12月13日、有明アリーナでバトラーと統一戦
プロボクシングのWBA・WBC・IBF世界バンタム級王者・井上尚弥(29=大橋)が13日、横浜市内で会見し、WBO王者ポール・バトラー(33=イギリス)と12月13日に東京・有明アリーナで4団体統一戦を行うことを発表した。WBAスーパー王座は8度目、IBF王座は6度目、WBC王座は初めての防衛戦となる。
4団体統一王者は過去8人おり、井上が勝てば史上9人目、アジア人では初の快挙。井上は「日本ボクシング界の歴史を変えていきたい。そのために残り2カ月やれることをやり、100パーセントの状態でリングに上がりたい」と引き締まった表情で話した。
バトラーはイギリス出身で、11月で34歳になる。2014年にスチュアート・ホールを判定で下してIBFバンタム級王座を獲得。すぐに王座返上して1階級下のスーパーフライ級で2階級制覇を狙ったが失敗し、バンタム級に復帰した。2018年には、井上が2回で倒したエマヌエル・ロドリゲスに判定負け。2022年4月にジョナス・スルタンに判定勝ちしてWBOバンタム級王座に就いた。

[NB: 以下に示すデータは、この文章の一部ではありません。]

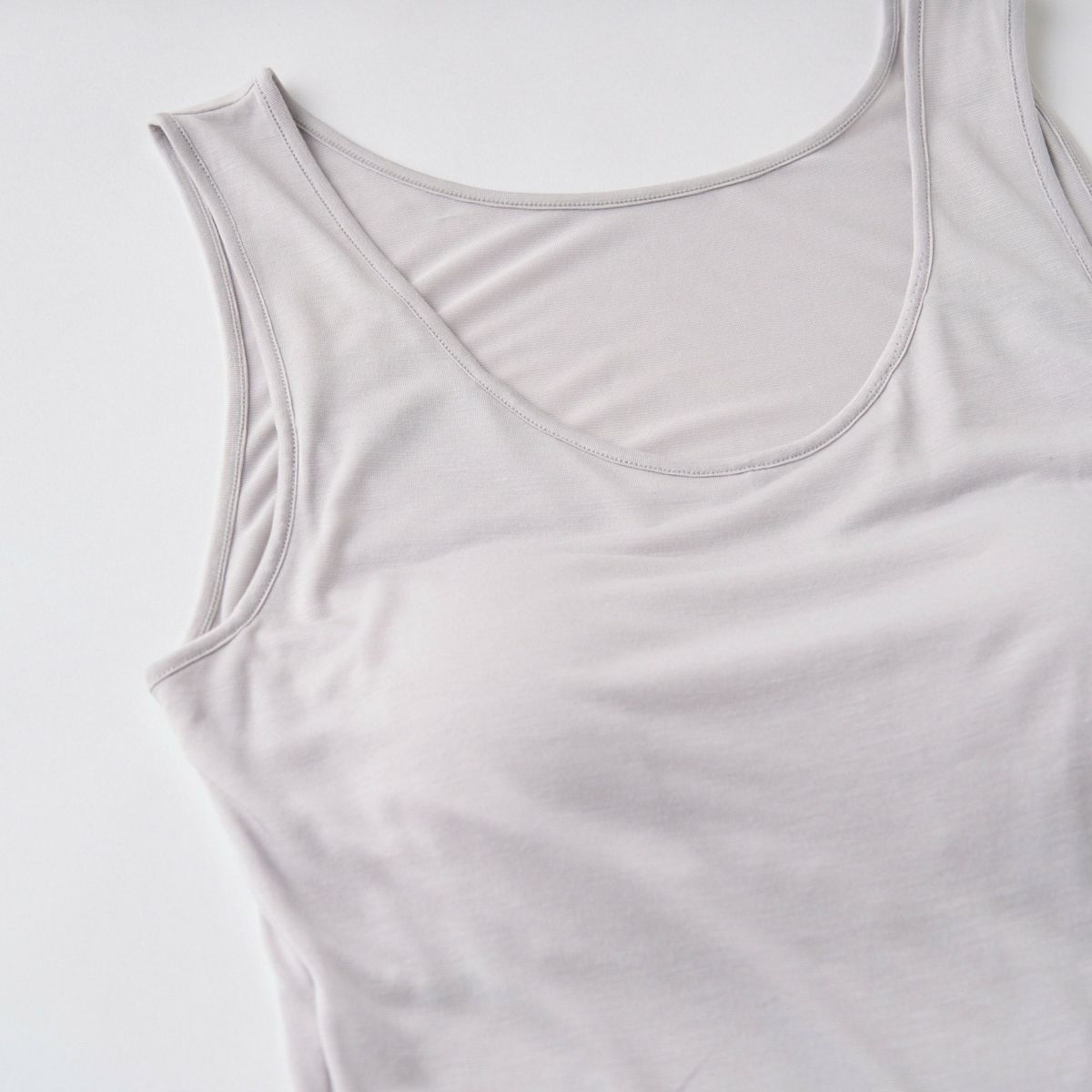 Saratto LAB. シルク入り放熱カップ付きタンクトッップ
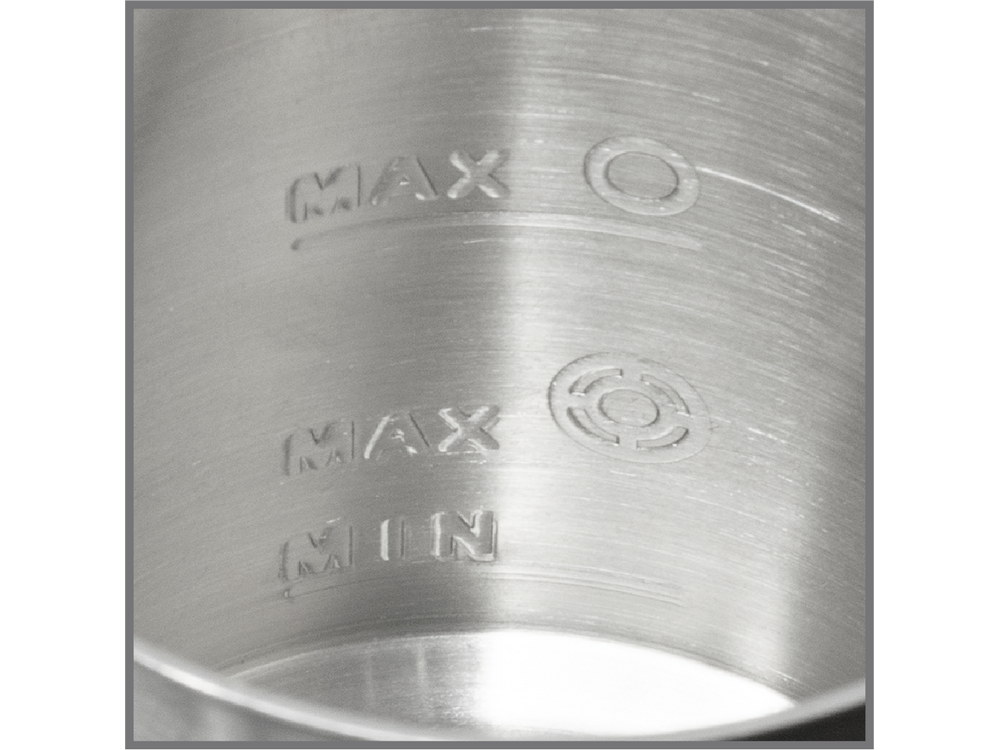 Primer plano de jarra acero inoxidable con indicadores 'MAX' y 'MIN' grabados en el lateral.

戦績は34勝(15KO)2敗。オーソドックスのボクサータイプでパンチ力はそれほどない。井上は「バトラーはまとまった選手で穴がない。少しずつ弱らせていき、仕留めるイメージを持っている」と中盤あたりでKOするイメージができていることを示唆した。
田中恒成とのスパーリングも予定
5階級制覇王者のノニト・ドネアをたった2回でノックアウトした井上にとって、バトラーは幾分、格下の相手だ。ただ、実力差のある相手がディフェンスにウェイトを置いた戦い方をすれば手こずることもある。
昨年12月の試合ではアラン・ディパエンのタフネスに手を焼き、8回までラウンドを重ねた。心身ともに最高のコンディションで上がれるかどうか、井上の場合は相手より自分との戦いだろう。
そういう意味では、勝てば手に入る4本目のベルトは最高のニンジンだ。WBA王者だったジェイミー・マクドネルを1回で倒して、初めてバンタム級のタイトルを奪ったのが2018年5月。あれから4年以上が経過した。
コロナ禍で思ったようにマッチメイクできない状況もあり、予想以上に時間がかかったが、ようやく4団体統一が手の届くところまで来たのだ。「過去最大のモチベーションで挑める。自分自身に期待して12月13日に向かいたい」と高ぶる胸の内を隠さない。
すでにスパーリングを開始しており、今後はフィリピンからスパーリングパートナーを呼ぶ予定。今月末には走り込みキャンプに入り、その後はスーパーフライ級で4階級制覇を狙う田中恒成とのスパーリングも予定されている。井上は「あと2カ月でやれることは何かを考えるのが楽しみ」と自らのスキルアップに取り組めることに喜びを感じている様子だった。
「dTV」と「ひかりTV」で生配信
会見にはNTTドコモの前田義晃副社長も出席し、今回の試合を映像配信サービス「dTV」と「ひかりTV」で生配信すると発表した。近年のボクシング中継はテレビではなく、動画配信が増えており、前回のドネア戦はAmazonプライム・ビデオで配信初日として史上1位の視聴数を記録している。
昨年12月のディパエン戦は、ひかりTVでペイ・パー・ビュー(PPV)方式(3960円)にて配信されたが、今回は月額550円のサブスク会員なら視聴可能。前田副社長は「井上選手は日本を代表するアスリート。少しでも多くの方にご覧いただきたい。ご一緒させていただくことで事業としての成長にもつながる」と意図を説明した。
東京五輪のバレーボール会場として使用された有明アリーナでプロボクシングの興行が開催されるのは初めてだが、360度カメラなどで演出も考えているという。所属ジムの大橋秀行会長も「PPVという選択肢もあったが、幅広く観ていただくためにサブスクで観やすくなった」と歓迎の意向を示した。
日本にとどまらず、世界が注目する4団体統一戦。井上は「バンタム級での最終章であり、スーパーバンタム級へのスタート。ゴールではなくあくまで通過点だと思っている」と言い切った。4団体統一の次は4階級制覇。日本が誇るスーパースターの物語はまだまだ終わらない。